Pai

 


         Ele cantou muito naquela manhã estiada de janeiro. Cantou umas músicas tristes e bonitas, que pareciam ecoar ao longe, lá do outro lado, nos confins azuis do dia. Tinha acabado de tirar o leite e soltado as vacas para o pasto. Arrumou ainda umas coisas no galpão ao lado do curral e tomou outras providências costumeiras na lida da fazenda. Sempre cantando: meu pai cantou muito, e assobiou também, como se soltasse uns pássaros de dentro do peito. Saiu cantando, com a enxada ao ombro, para lavrar seu último eito de terra e plantar as últimas sementes de suas mãos.

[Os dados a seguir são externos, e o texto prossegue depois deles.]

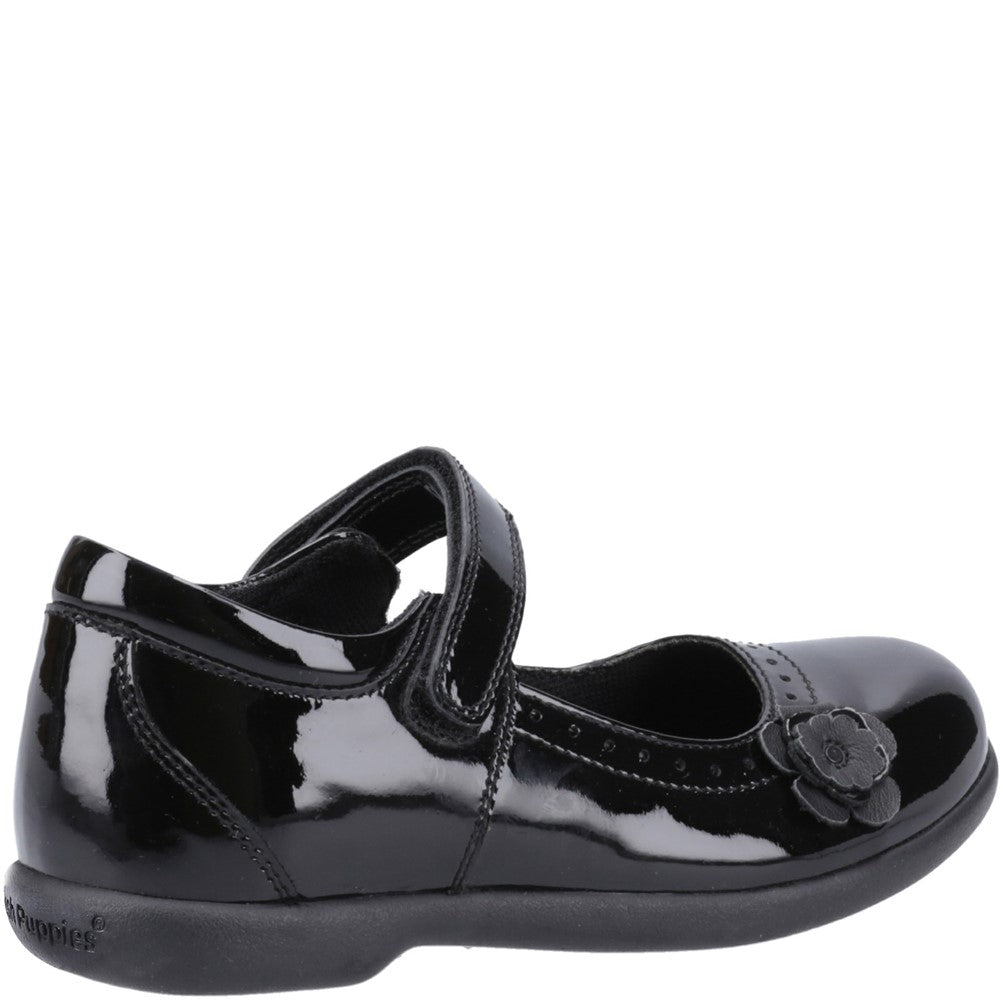 Girls BTS Black Hush Puppies Bethany Patent Senior Shoe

        Meu pai saiu de casa, assobiando, leve e ligeiro. Na saída, só beijou minha mãe no rosto, mas nem disse a ninguém o adeus. Atravessou os lisos limpos do terreiro e ganhou o caminho, sublime, firme, derradeiro. Meu pai ia, cantante, trabalhar no alto. Ia capinar a roça de milho, cuidar da vida, que a morte é certa, como era ele de dizer. Eu o vi, a última vez, sumindo distante, para logo se desavistar, sempre, nas leiras do milharal.

        Trouxeram-no da roça, os pés sujos de terra, as mãos duras e frias, a camisa ainda suada da lida, da vida. Os olhos, meio abertos, fitavam o longe, perto.

        Eu tive de descaber de mim a dor e desaguar meu choro, em prantos. Nos meus onze anos de idade, eu não conhecia de perto a morte, nunca tinha visto um humano abatido, inerte, com o olhar de vidro, feito estava ali meu pai, despossuído de si, desistido da vida, desexistido.  Então eu precisava de explicação, queria saber direito, naquela hora de olhar o semblante de meu pai em remanso, quem era eu, doído de tristeza, quem era Deus, Senhor de tudo, vida e morte. Eu queria saber o que Ele queria tomar de mim para si. Queria que não tivesse os tantos poderes, que mesmo se arrependesse de levar meu pai.

        Um galo pulou, naquela hora de meio-dia, no parapeito da janela, bateu as asas e cantou. Seu canto encheu os cantos escuros da casa de mais tristuras.

Nunca eu vi o mais triste de mim, desde aquele dia. Quando levaram meu pai para sepultar, morreu-me um feliz, menino. Encaixotei os brinquedos, fechei as porteiras da infância e carreguei as trancas na algibeira da camisa branca, para os dias de lembrança.

A fazenda do Estreito, onde colhíamos sustento e alegria não era nossa. Agora, sem nosso pai, o agregado, com seu braço forte, não servíamos mais ali, éramos de menor valia. Fomos dispensados.

Mudou-se a vida, mudamos nós, a órfã família. Fomos de mala e cuia para a cidade. Esta é uma história acontecida, mas sem fim, porque, de verdade, meu pai nunca morre em mim.